EXTRACTED MATERIAL below:
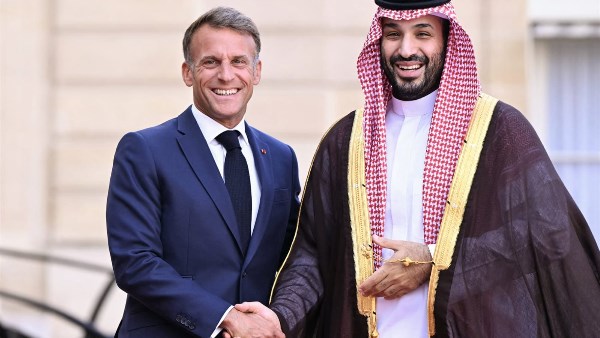 إعادة صياغة عنوان احترافي:

“أهمية محتوى التعليم عن بعد في تحسين المهارات المهنية”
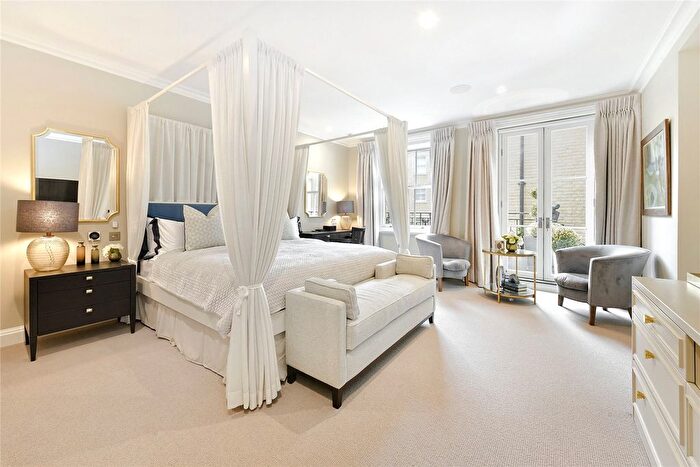 3 Bedroom Mews To Rent In Dorset Mews, Knightsbridge, SW1X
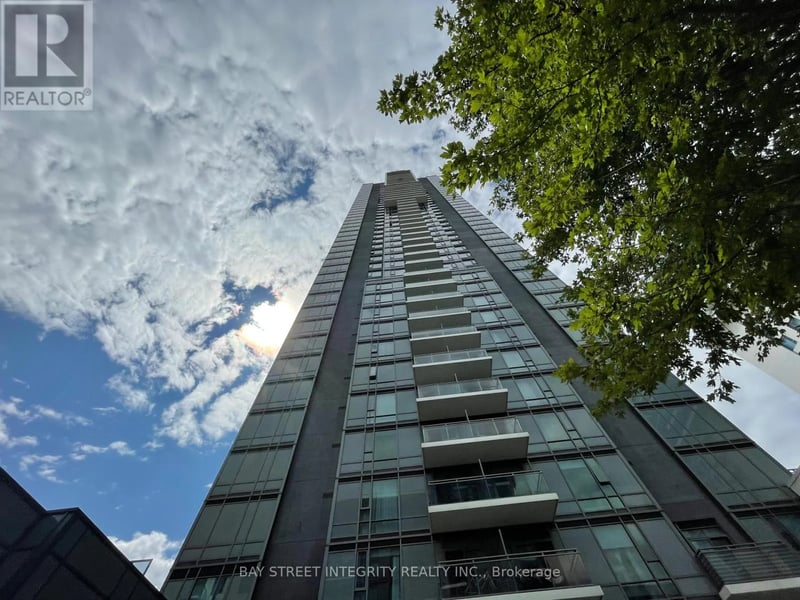 #1204 55 Ann O'reilly Road, Toronto (Henry Farm), Ontario, M2J0E1, Toronto (Henry Farm), Ontario — photo 1 of 5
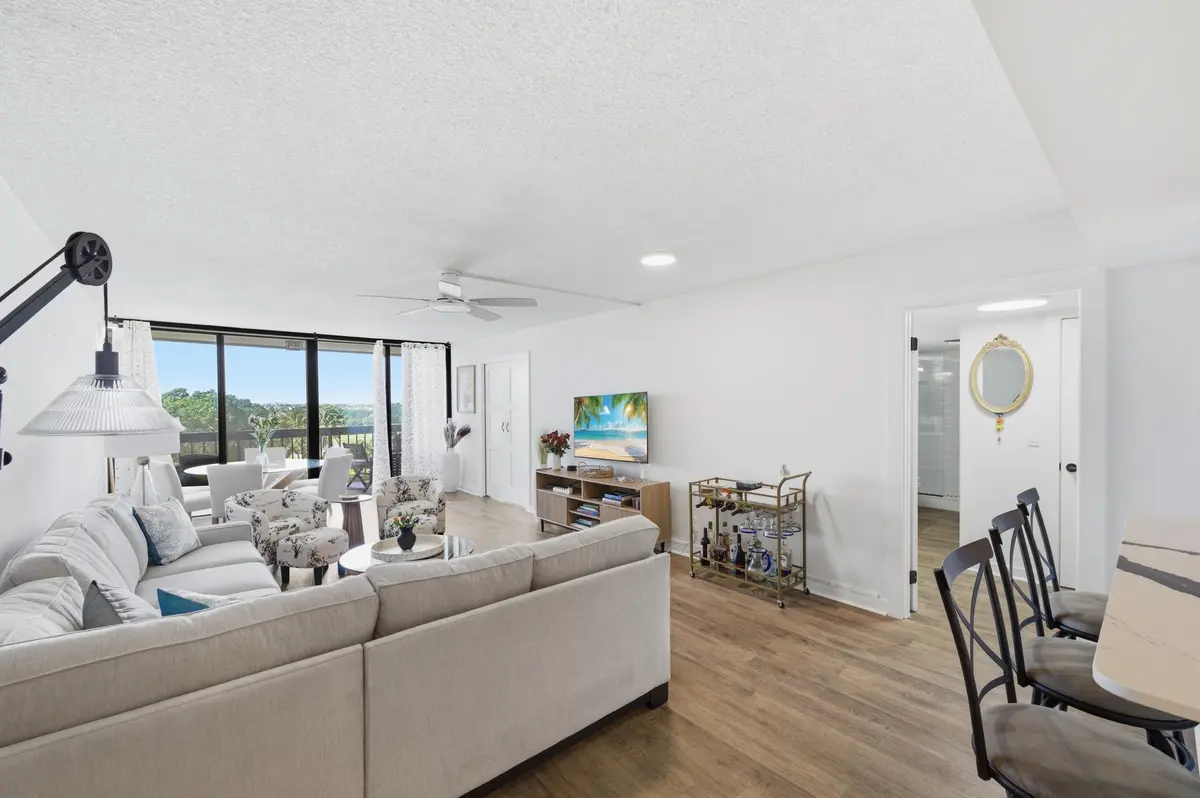 Liv 1 at 2524 Presidential Way 606, West Palm Beach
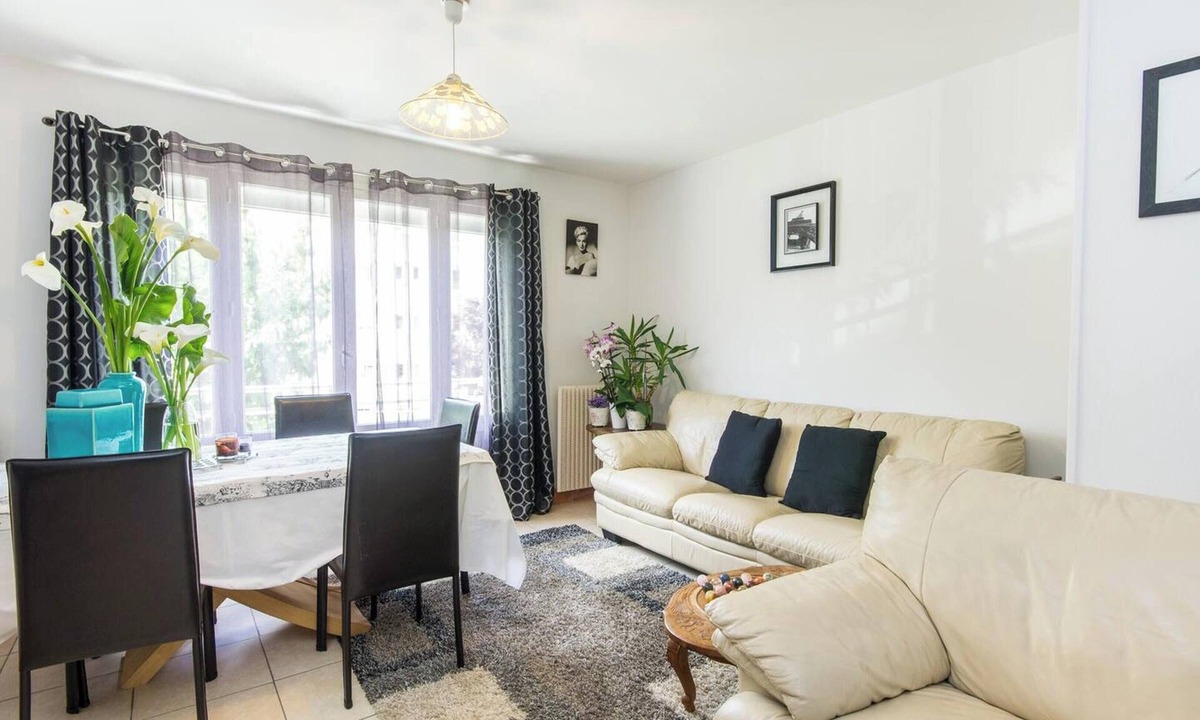 La Grace de Dieu Ouest Apartment | Homerez - Charming Apartment in Caen - 70 m² - Parking Included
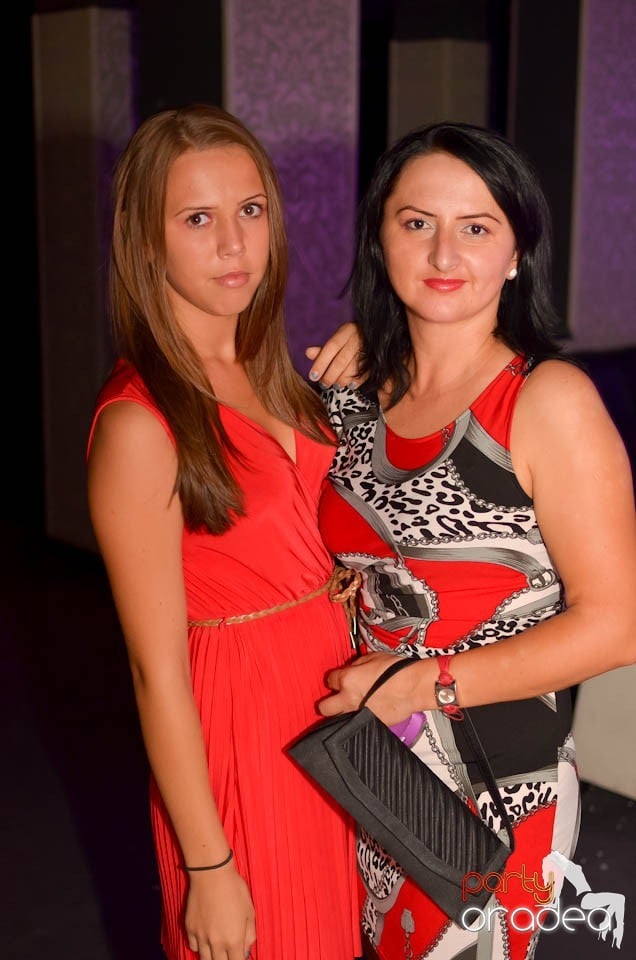 Chef şi veselie în Club Life, 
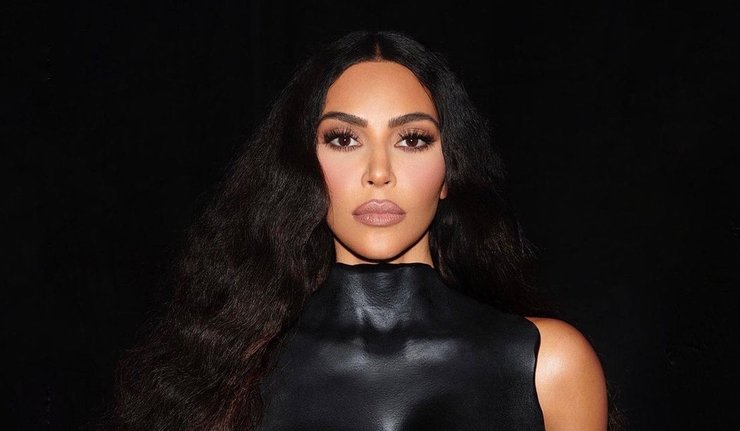 Ким Кардашьян Ким Кардашьян скандал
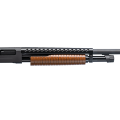 Zblizenie na drewniane czolenko i mechanizm pump action Winchester SXP Trench Rifled. Solidne stalowe prowadnice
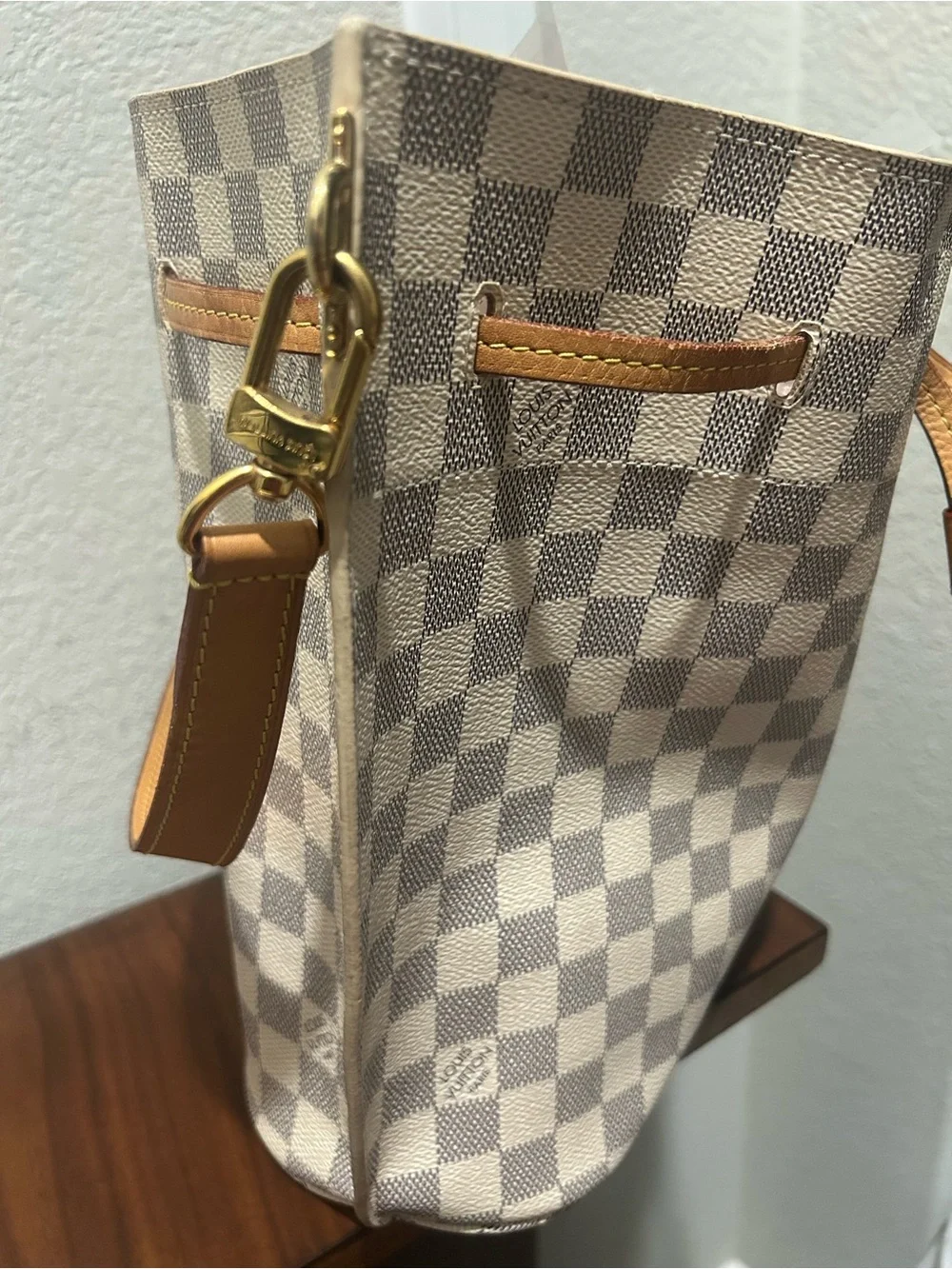 Louis Vuitton classic louis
End of EXTRACTED MATERIAL.
WORK ITEM
All of the material above should be reproduced exactly, except the pictures.

RESULT OF THE TASK
 إعادة صياغة عنوان احترافي:

“أهمية محتوى التعليم عن بعد في تحسين المهارات المهنية”
 3 Bedroom Mews To Rent In Dorset Mews, Knightsbridge, SW1X
 #1204 55 Ann O'reilly Road, Toronto (Henry Farm), Ontario, M2J0E1, Toronto (Henry Farm), Ontario — photo 1 of 5
 Liv 1 at 2524 Presidential Way 606, West Palm Beach
 La Grace de Dieu Ouest Apartment | Homerez - Charming Apartment in Caen - 70 m² - Parking Included
 Chef şi veselie în Club Life, 
 Ким Кардашьян Ким Кардашьян скандал
 Zblizenie na drewniane czolenko i mechanizm pump action Winchester SXP Trench Rifled. Solidne stalowe prowadnice
 Louis Vuitton classic louis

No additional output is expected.